That’s precisely the holistic approach that a wide electorate would like (it’s wildly popular in New Jersey), but Second Amendment advocates in the GOP primary may have a field day with that. (Although his emphasis on mental health is precisely what many national Republicans wanted to focus on in the wake of Sandy Hook.)
It would be a mistake to discount Christie on any one issue, or even a few. Mitt Romney was supposedly disqualified as a nominee because of Romneycare, but he managed to get the nomination. And while Christie endorsed Romney (another strike for some voters), Christie is a more viscerally conservative candidate and an infinitely more skilled one.

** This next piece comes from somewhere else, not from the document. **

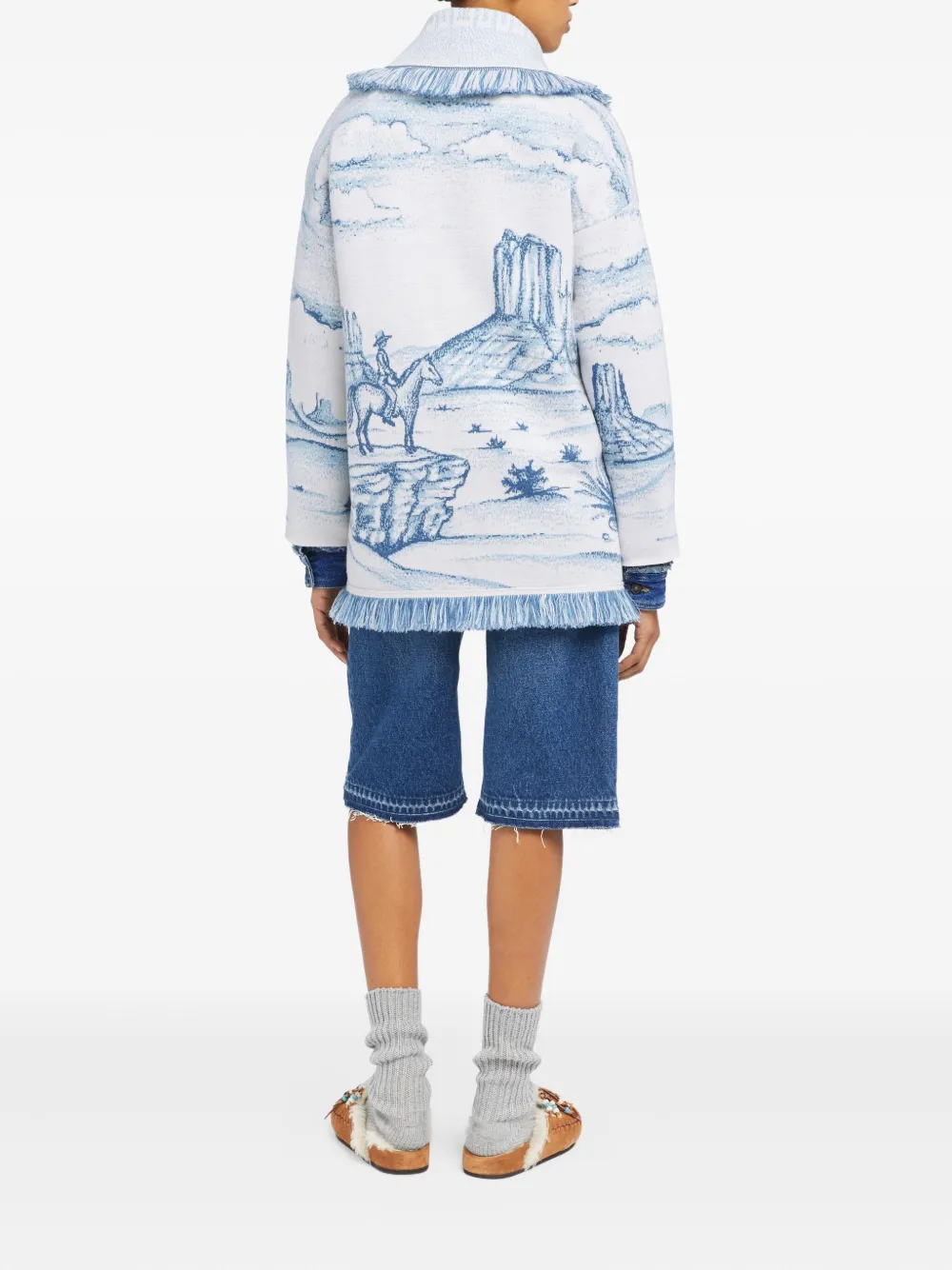 Alanui Silent Rider fringed cardigan Blauw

Christie has a number of advantages should he decide to run:
1. He’s been in the New York-New Jersey media spotlight and is adept at dealing with old and new media. (Recall his YouTube videos made him a national polticall sensation.)
2. He’s an excellent antidote to the blame-shifting, poor executive who currently occupies the Oval Office.
3. He’s done what national Republicans have hoped to do — reform entitlements, take on teachers unions and resist tax increases.
4. He’s a commanding presence, more so than many of the other top tier candidates. There will be no question as to whether he will be tough enough to be president.
5. He has a network of big donors (who unsuccessfully urged him to run in 2012) and an attractive candidate for former Romney donors, with whom he’ll be rubbing elbows at an upcoming Romney-sponsored retreat.
6. He is socially conservative (pro-life, personally against gay marriage) but has wanted state voters’ to decide whether to legalize gay marriage. (In other words, he’s conservative enough on these issues, but not divisive.)
No candidate will have it “all” in 2016. Christie will need to show he’s well versed and tough on national security. (His tussle with New York law enforcement over surveillance of New Jersey Muslims raised a red flag with hawks and will be more problematic after the Boston bombings.) But in recent GOP presidential primaries the more moderate candidate (e.g. Arizona Sen. John McCain in 2008, Romney in 2012) has managed to win the nomination while more conservative candidates divided up the rest of the field. Right now I see few if any Republicans who could occupy that ground in the GOP 2016 primary race.
Could Christie pull it off? Absolutely. Will he run? It’s hard to imagine (other than health concerns, which have to a degree been put to rest in his vigorous post-Sandy tenure) why he wouldn’t want to.